The Black Panther Party’s Two Histories: Black Vs. White


Black Panther Party history varies depending upon which side of the racial divide one falls. For many African Americans, the Black Panther Party was the answer to many of problems that persisted during the final years of the American Civil Rights Movement and the decade that followed. Still today, many black Americans give the group’s members credit for risking their lives to stop the police brutality that remained common in the late 1960s. Many white Americans, on the other hand, saw, and still see, the Black Panther Party as a dangerous entity that used violence as a means to an end. How can two groups in the same nation regard the Black Panther Party so differently?

The 1960s was a time of activism by both blacks and whites as the country’s youth stood together in support for an end to the Vietnam conflict, nuclear disarmament, and, yes, even civil rights. During that tumultuous decade, the fringe moved to the forefront of American society, and groups like the Black Panthers began getting attention from national media outlets. The media coverage, along with the group’s candidates for political offices across the country, drew the attention of the Washington establishment, and the Black Panther Party was suddenly on the FBI’s radar.

Black Panther candidate in Alambama
[Photo by AP Images]
For blacks in the 1960s, the FBI’s sudden interest in the Black Panther Party’s activities was just another instance of powerful white people attempting to silence the members of the country’s African-American population. The federal government’s increased attention on the group’s movements pushed more and more black Americans to join the ranks of the Black Panther Party. Between 1969 and 1970, the group reached its peak of power with thousands of members across the country.

While African Americans were uniting behind the Black Panther Party, Washington and the media were telling white Americans to be afraid of the group’s radical blacks without ever being told the reasons for the Black Panther Party’s activism. In events similar to those in recent years, urban blacks found themselves the targets of majority-white police departments. Blacks who tried to assert the rights granted by the Civil Rights Act of 1964 found themselves arrested on trumped-up charges and tried in front of all-white juries.

Meanwhile, most white Americans remained unaware of the plight of urban blacks. During the 1960s and 1970s, all of America was dependent on national media for information, and national news organizations of the time were run by white people who were influenced by members of the establishment. According to a 2008 academic paper entitled “Black Panther Party: 1966-1982” written by Dr. Michael X. Delli Carpini, government agencies worked to “undermine public support for the party.”

As airing coverage that supported “radical” movements like the Black Panther Party did not appeal to the market these outlets wanted to reach, which was white America, the media did not resist governmental influence. In attempts to appeal to the targeted demographics, media coverage of the Black Panther Party was limited to incidences of violence and portrayed the group’s members solely as dangerous revolutionary socialists.

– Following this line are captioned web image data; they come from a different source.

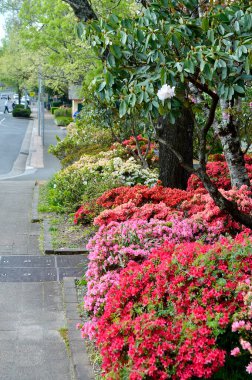 Bahar zamanının resimleri.. 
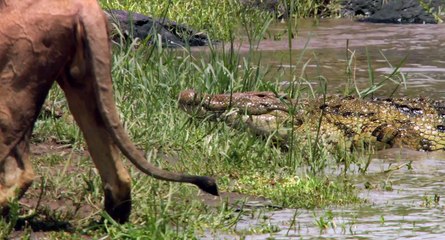 African Cats  Earning His Keep - Clip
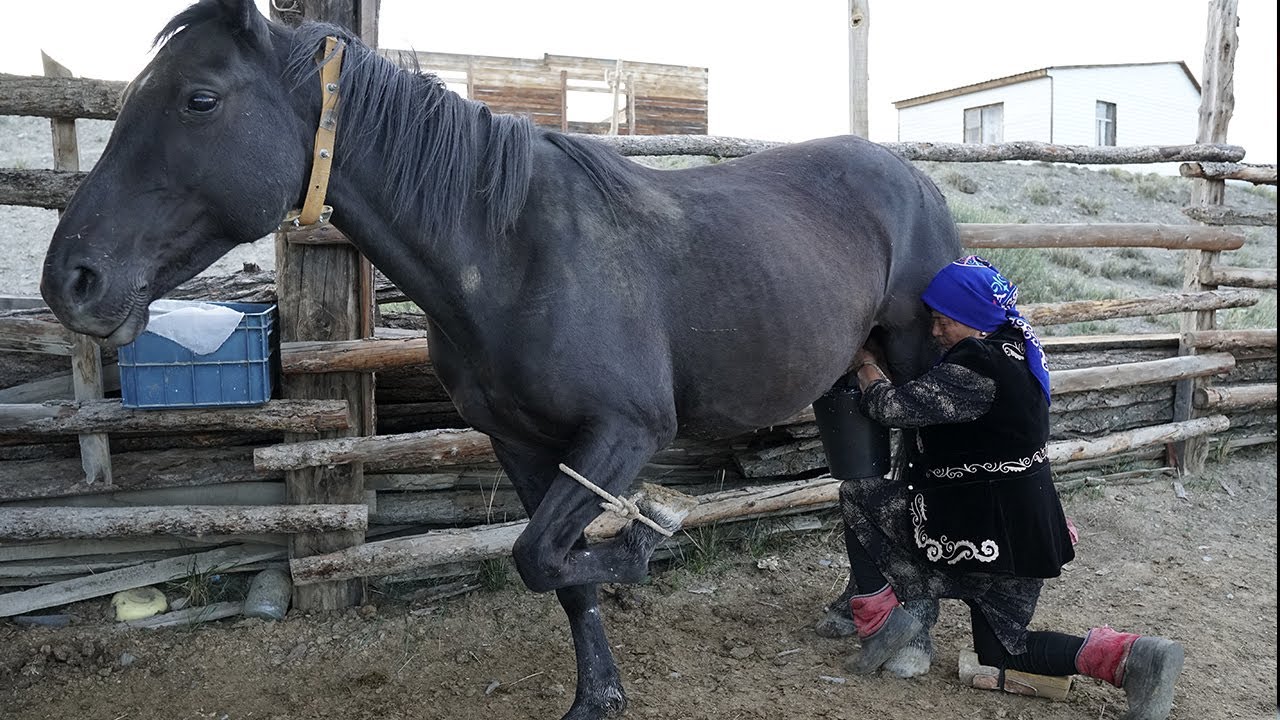Milking Horse and Making Kumys. Russia Village life in Altay.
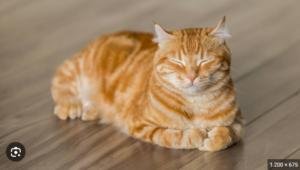 Những giấc mơ thấy mèo thường gặp 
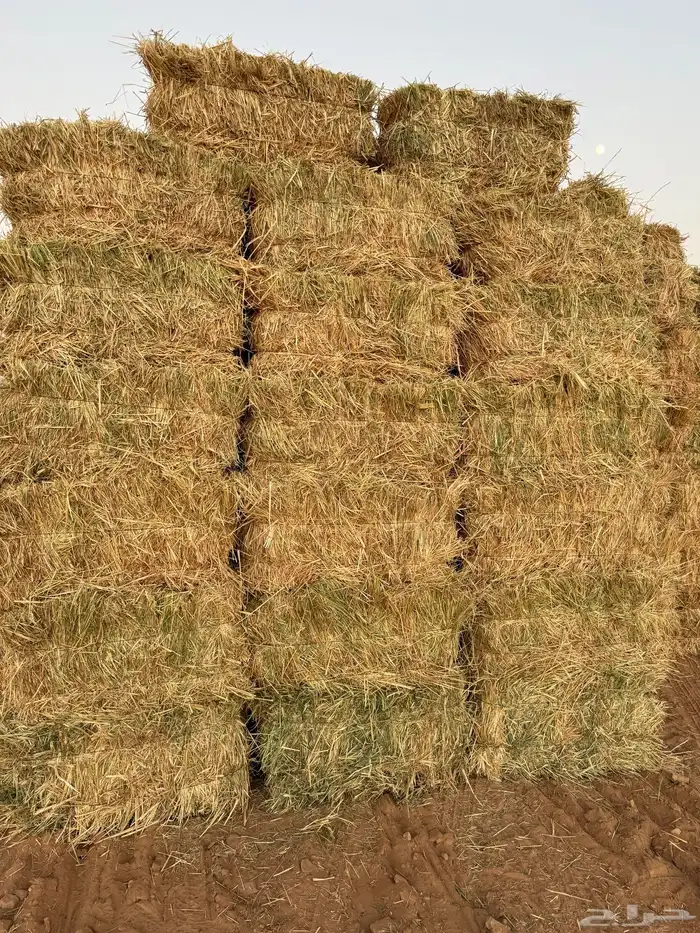 علف تبن ذره 3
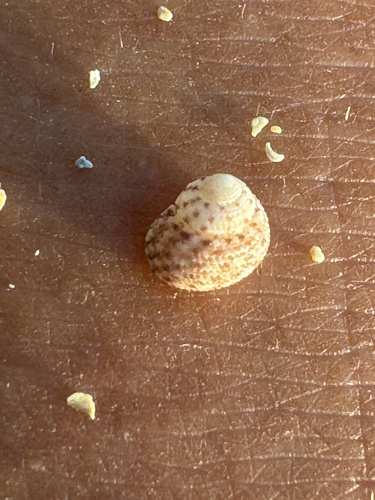 Herpetopoma gemmatum observed 2026-06-08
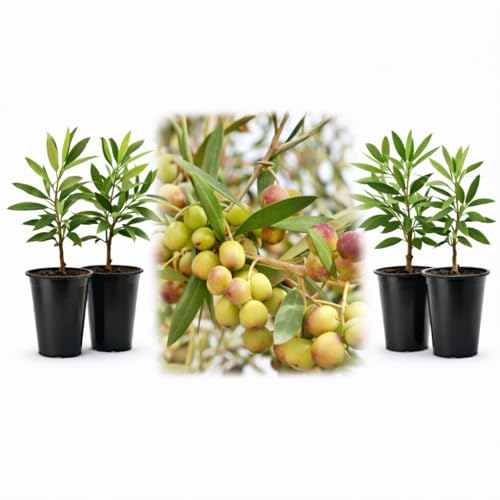 Olive Trees Arbequina (Black) Includes Four (4) Live Plants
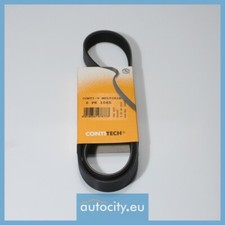 Courroie de distribution BMW M3
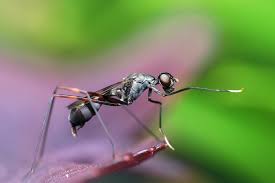 We tested a range of pest control companies to create the below list. Top Benefits Of Hiring The Best Pest Control Services Pest Control Services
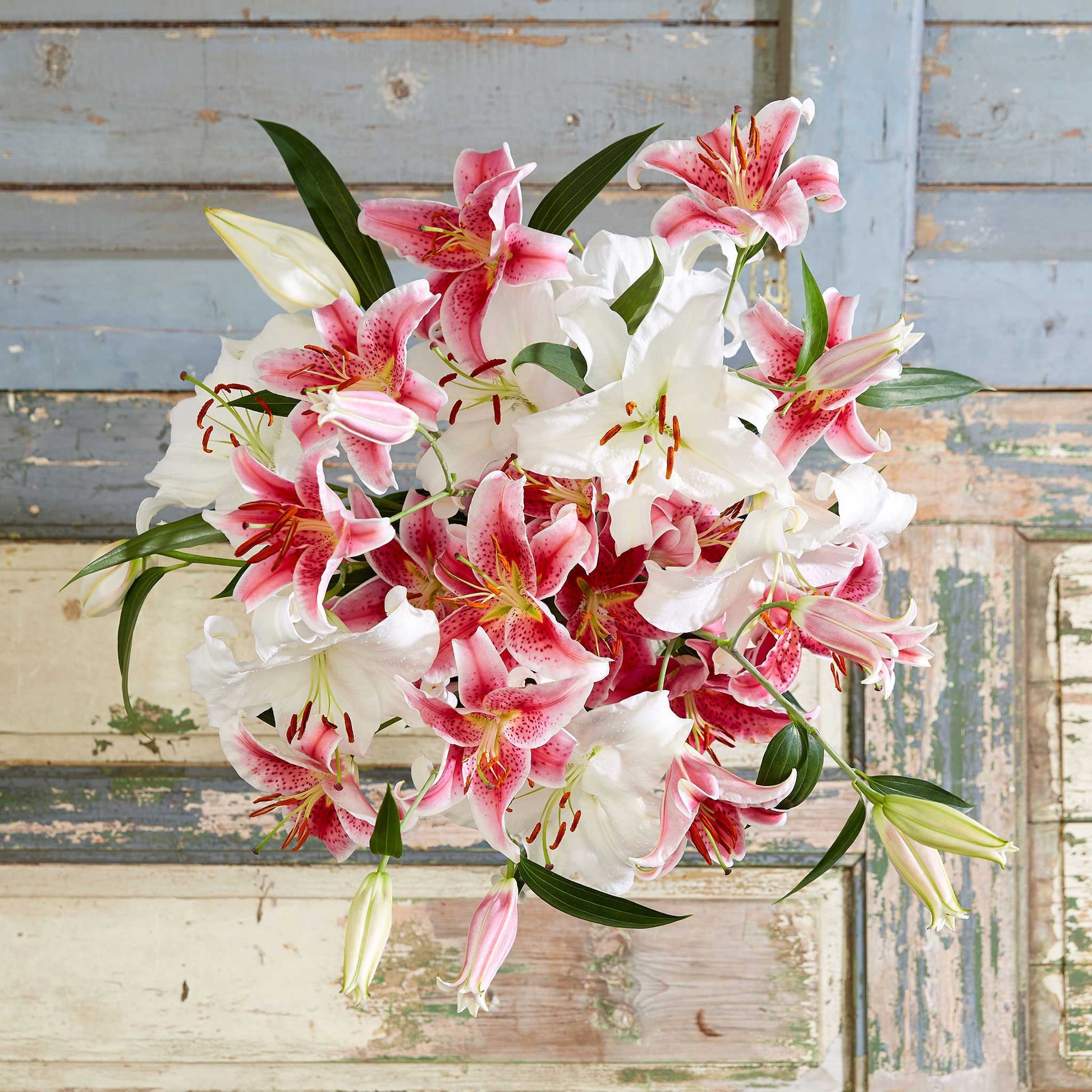 bulb lily flower Stargazer & Casablanca Mix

Black Americans living in urban areas saw a much different scene than the one that appeared on television screens across the country. They saw their communities in decline, ignored by municipal governments and dependent upon the decisions made by white politicians. They saw underfunded schools struggling to retain teachers, where their children never learned about their own people’s history. They saw families unable to feed their children, with nowhere to turn for help. At the same time, white America saw blacks living in urban ghettos portrayed as lazy and violent. Tired of the media’s portrayal, the Black Panther Party became determined to show the rest of the country the reality faced by members of these black communities.

Black Panther leaders discuss education in Indiana
[Photo by AP Images]
White Americans had no problem feeling compassion for the poor in Appalachia, who President Johnson brought to the nation’s attention during The Poverty Tours in 1964. However, those same Americans never developed similar compassion for the country’s urban black population, even with the efforts of the Black Panther Party. Today, the country remains divided along a racial line, because many white Americans refuse to believe reports of incidents in black communities. Until white America stops, educates itself, and attempts to develop compassion for all of the country’s citizens, support for groups like the Black Panther Party will continue in hopes of illuminating the continued plight of African Americans.